[Slurm] Proper way to launch the same script on n independent nodes

Hi !

I am using ray for distributing my deep rl APEX implementation. However, I don’t want to use ray’s capabilities to spread the load on several machines. I want to use it on a single machine at a time. The cluster I’m using is running with slurm. At the moment, I simply run n times my script (with ray.init() and everything inside) independently. However, when runing more than 3 times the same script at the same time I notice very strange change in training behaviour. It might be completely unrelated but I have been unable to track it down to something else. Running the full training 15 times sequentially with one script at a time on my local machine or the cluster works just fine.

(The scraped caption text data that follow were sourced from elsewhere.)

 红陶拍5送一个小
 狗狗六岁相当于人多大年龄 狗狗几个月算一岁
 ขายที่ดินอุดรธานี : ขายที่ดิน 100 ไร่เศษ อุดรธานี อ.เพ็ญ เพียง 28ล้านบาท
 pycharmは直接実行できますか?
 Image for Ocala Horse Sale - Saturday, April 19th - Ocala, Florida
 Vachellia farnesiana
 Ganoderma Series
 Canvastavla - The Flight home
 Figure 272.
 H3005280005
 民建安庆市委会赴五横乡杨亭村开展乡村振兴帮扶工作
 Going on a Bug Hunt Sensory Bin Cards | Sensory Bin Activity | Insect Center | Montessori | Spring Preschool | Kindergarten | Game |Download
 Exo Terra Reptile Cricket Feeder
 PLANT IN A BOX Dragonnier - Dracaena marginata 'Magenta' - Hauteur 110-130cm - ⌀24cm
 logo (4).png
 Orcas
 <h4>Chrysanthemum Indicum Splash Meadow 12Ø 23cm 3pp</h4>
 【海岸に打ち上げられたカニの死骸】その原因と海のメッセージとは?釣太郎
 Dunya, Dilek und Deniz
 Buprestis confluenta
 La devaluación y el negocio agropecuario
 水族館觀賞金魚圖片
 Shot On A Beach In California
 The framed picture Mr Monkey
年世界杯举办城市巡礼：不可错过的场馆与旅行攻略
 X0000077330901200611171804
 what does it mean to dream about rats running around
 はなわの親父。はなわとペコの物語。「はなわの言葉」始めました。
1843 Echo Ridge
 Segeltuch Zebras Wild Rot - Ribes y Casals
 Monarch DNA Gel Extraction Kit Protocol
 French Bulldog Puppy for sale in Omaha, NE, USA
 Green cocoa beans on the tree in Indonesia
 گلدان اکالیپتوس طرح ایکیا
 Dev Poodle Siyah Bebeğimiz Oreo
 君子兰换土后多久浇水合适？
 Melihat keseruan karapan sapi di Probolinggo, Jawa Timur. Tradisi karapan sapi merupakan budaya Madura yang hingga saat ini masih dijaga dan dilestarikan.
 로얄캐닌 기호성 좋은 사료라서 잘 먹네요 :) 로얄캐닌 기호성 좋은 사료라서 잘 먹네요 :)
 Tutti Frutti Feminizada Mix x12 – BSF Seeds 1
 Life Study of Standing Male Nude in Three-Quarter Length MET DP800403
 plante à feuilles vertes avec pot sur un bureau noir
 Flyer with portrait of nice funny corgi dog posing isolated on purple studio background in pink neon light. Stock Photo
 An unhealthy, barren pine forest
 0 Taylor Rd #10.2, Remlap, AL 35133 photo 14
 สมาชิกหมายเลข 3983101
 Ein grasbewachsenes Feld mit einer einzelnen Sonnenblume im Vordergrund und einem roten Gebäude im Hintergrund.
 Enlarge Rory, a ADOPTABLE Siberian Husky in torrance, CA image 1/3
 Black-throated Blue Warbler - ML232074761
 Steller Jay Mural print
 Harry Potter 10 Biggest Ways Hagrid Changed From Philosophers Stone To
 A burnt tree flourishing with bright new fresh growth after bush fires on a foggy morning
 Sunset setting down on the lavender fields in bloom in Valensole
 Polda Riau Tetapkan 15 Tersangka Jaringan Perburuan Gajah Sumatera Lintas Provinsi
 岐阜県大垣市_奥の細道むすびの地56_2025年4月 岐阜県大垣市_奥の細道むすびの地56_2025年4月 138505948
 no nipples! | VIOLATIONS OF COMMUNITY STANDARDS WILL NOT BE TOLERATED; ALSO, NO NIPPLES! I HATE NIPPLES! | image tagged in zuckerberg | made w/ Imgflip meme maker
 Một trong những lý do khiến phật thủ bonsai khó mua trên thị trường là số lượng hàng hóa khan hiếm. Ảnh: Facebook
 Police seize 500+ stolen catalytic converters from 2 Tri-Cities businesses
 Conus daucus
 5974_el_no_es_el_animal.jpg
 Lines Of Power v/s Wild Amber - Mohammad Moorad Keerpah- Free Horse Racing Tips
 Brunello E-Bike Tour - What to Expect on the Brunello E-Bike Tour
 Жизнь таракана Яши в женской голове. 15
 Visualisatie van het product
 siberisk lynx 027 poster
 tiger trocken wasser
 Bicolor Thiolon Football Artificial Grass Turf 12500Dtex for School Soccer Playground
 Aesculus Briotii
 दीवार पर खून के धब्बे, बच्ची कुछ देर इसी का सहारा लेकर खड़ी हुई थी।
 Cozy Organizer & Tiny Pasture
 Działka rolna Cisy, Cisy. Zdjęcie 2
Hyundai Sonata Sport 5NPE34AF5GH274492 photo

My question is: could one script/session disturb the others or is this just some fantasy ? If yes, how can I run my script correctly ? I would if possible, the n scripts to be able to run independently (without messing with a head node).

Let’s say that this is my sbatch script.

#
# Slurm arguments
#
#SBATCH --job-name=test1 
#SBATCH --export=ALL                
#SBATCH --output=logs/19-03-2021--01-27-27___1_stdout.log   
#SBATCH --cpus-per-task=20          
#SBATCH --mem-per-cpu=1000M            
#SBATCH --gres=gpu:0              
#SBATCH --time=48:00:00             
#

conda activate deep_learning

cd /home/bdebes/mt  # CHANGEME
python experiments.py -c TD3_double_inverted_pendulum_modifiable.json -l logs/19-03-2021--01-27-27___1.log

and the experiments.py basically does

import ray
ray.init() # that's the actual call I'm using at the moment
train()

Thank you in advance !

Baptiste

Hmmm, I think there shouldn’t be any disturbance. is it possible that they are running on the same node?

maybe you’ll have to use ray.init(num_cpus=20) to reduce the parallelism.